* **Task instructions**: Repeat the records below exactly, leaving out any pictures.

Caption-style text data
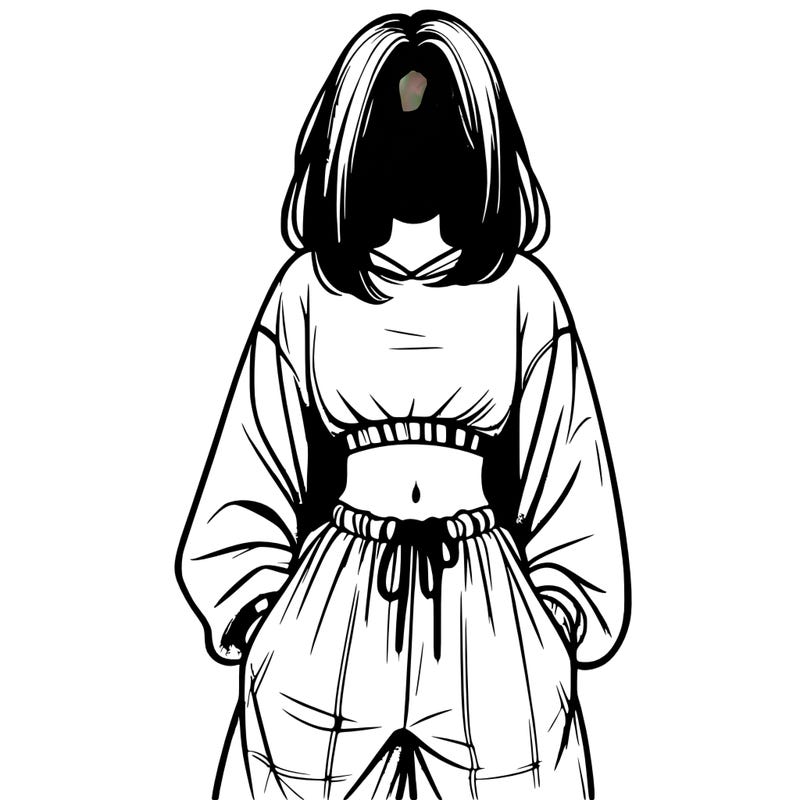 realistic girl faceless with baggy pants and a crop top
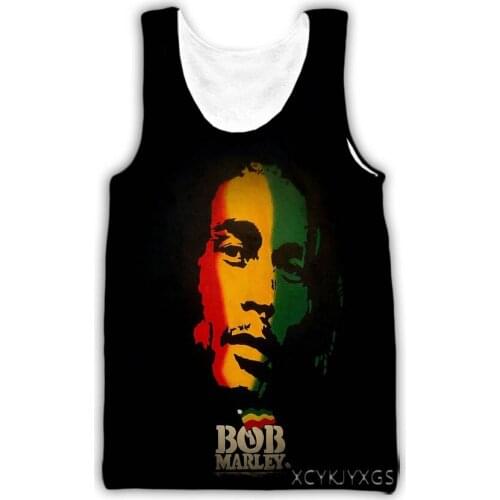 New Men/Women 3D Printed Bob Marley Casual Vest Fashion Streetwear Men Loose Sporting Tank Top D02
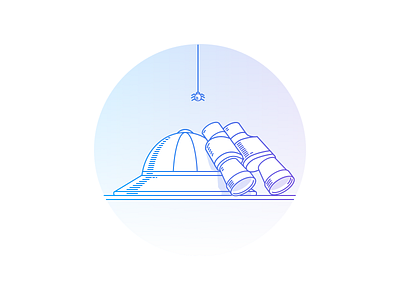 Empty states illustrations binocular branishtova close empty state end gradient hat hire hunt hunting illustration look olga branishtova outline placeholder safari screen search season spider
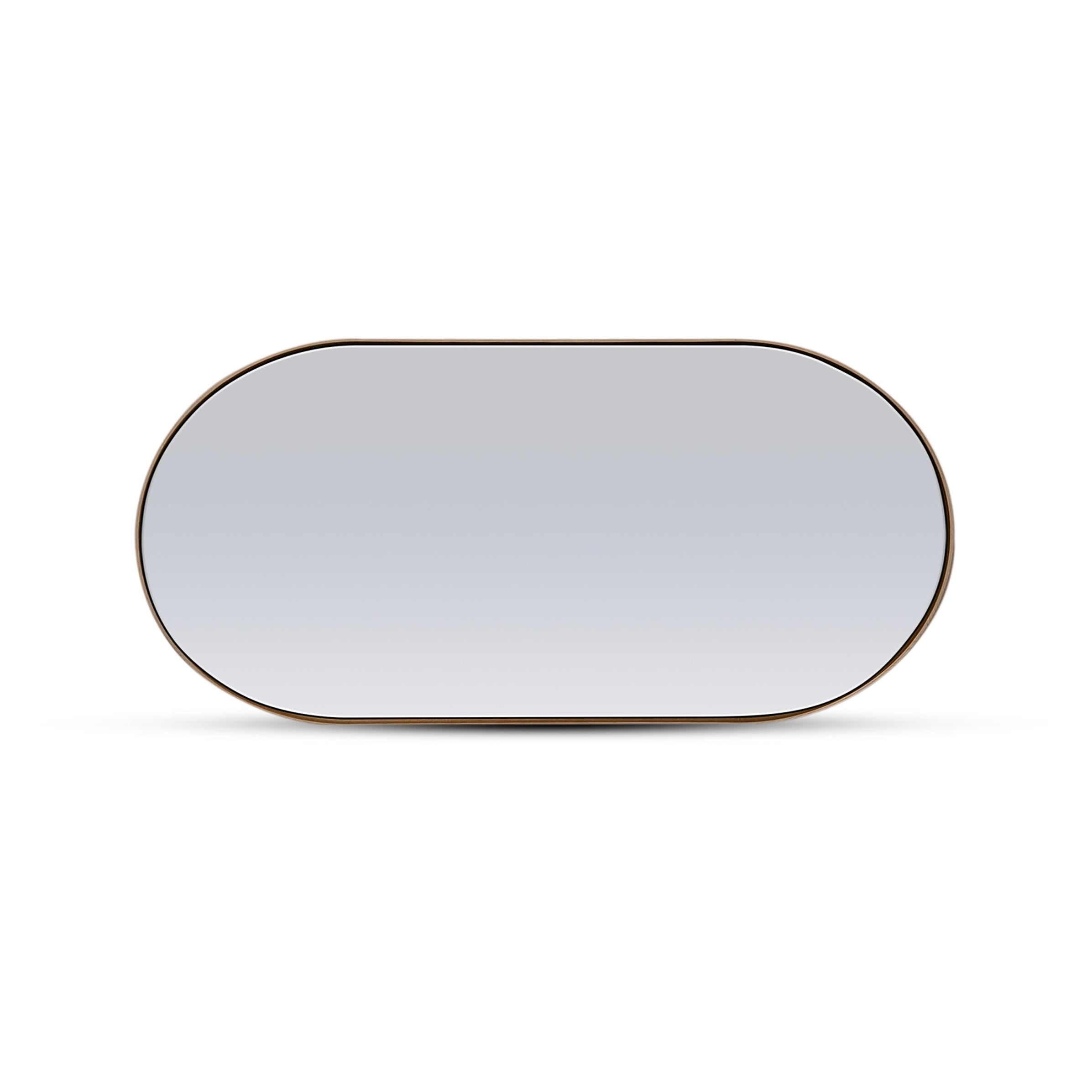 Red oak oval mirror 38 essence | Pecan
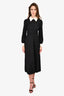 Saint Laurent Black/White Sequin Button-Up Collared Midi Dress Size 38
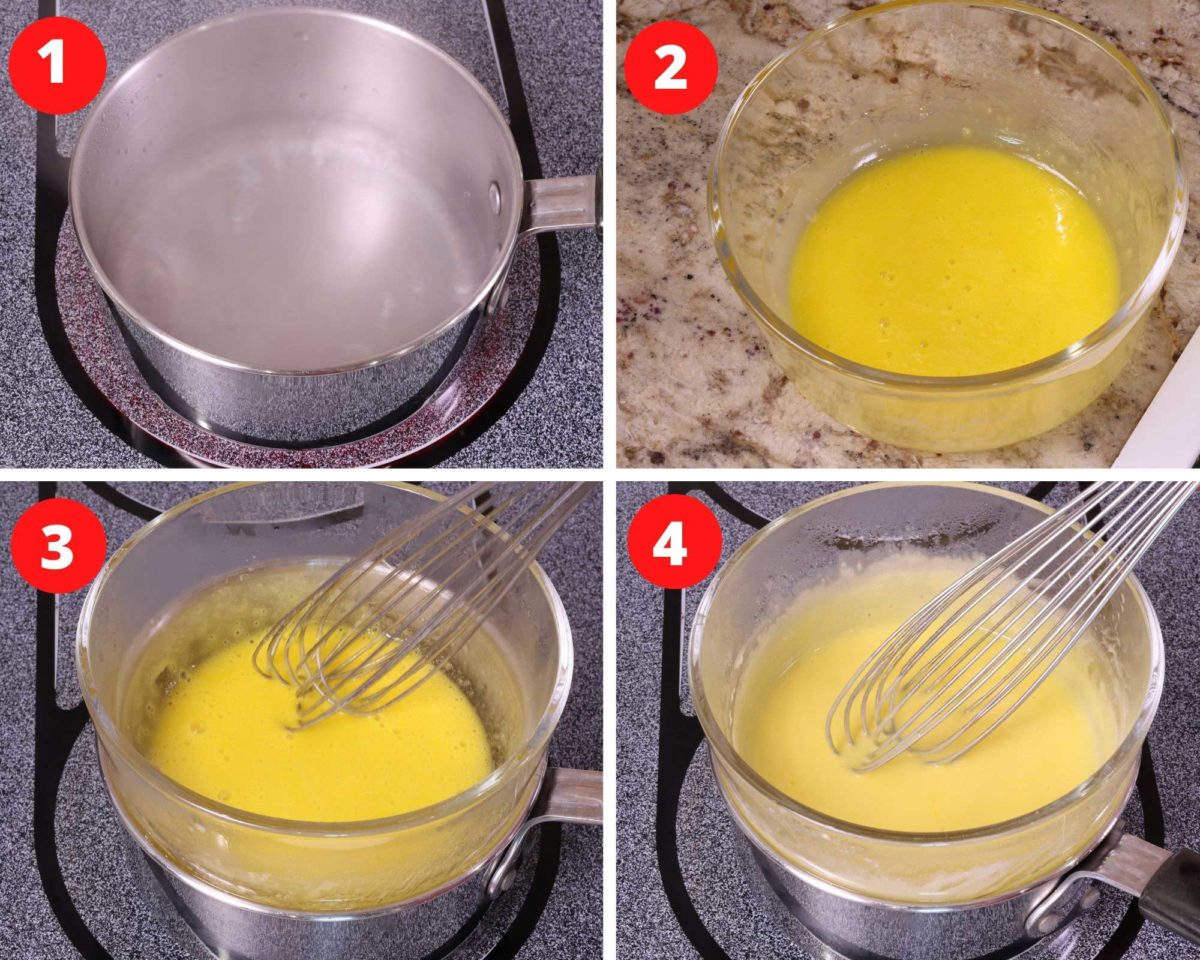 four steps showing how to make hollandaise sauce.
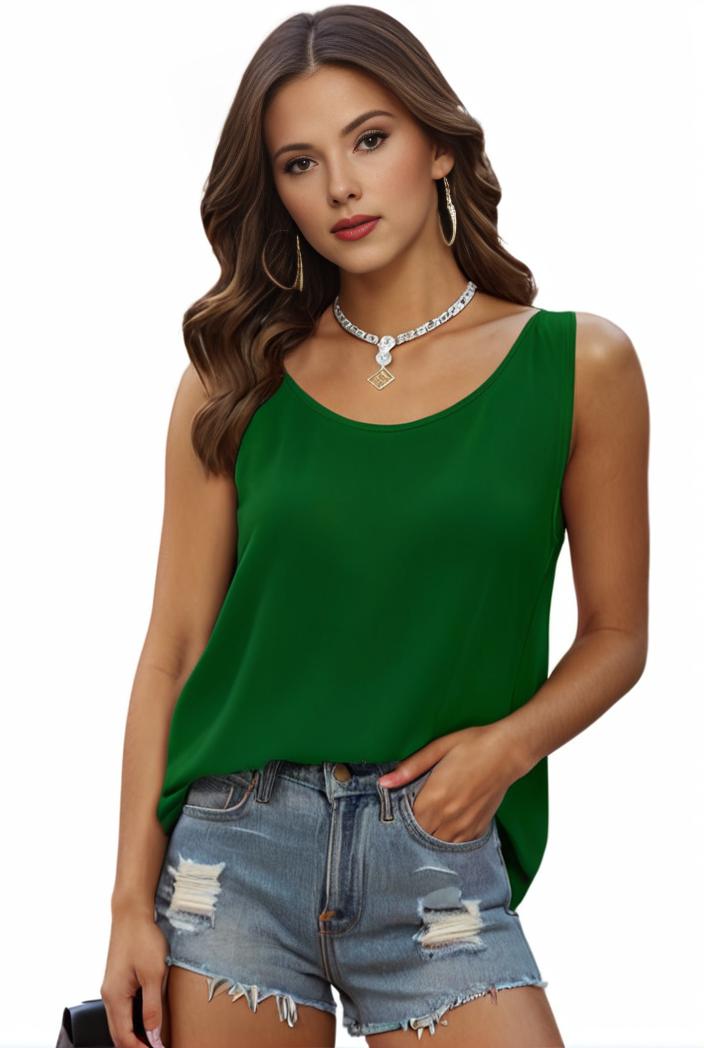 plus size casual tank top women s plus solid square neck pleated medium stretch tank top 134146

* **Completed task**:
 realistic girl faceless with baggy pants and a crop top
 New Men/Women 3D Printed Bob Marley Casual Vest Fashion Streetwear Men Loose Sporting Tank Top D02
 Empty states illustrations binocular branishtova close empty state end gradient hat hire hunt hunting illustration look olga branishtova outline placeholder safari screen search season spider
 Red oak oval mirror 38 essence | Pecan
 Saint Laurent Black/White Sequin Button-Up Collared Midi Dress Size 38
 four steps showing how to make hollandaise sauce.
 plus size casual tank top women s plus solid square neck pleated medium stretch tank top 134146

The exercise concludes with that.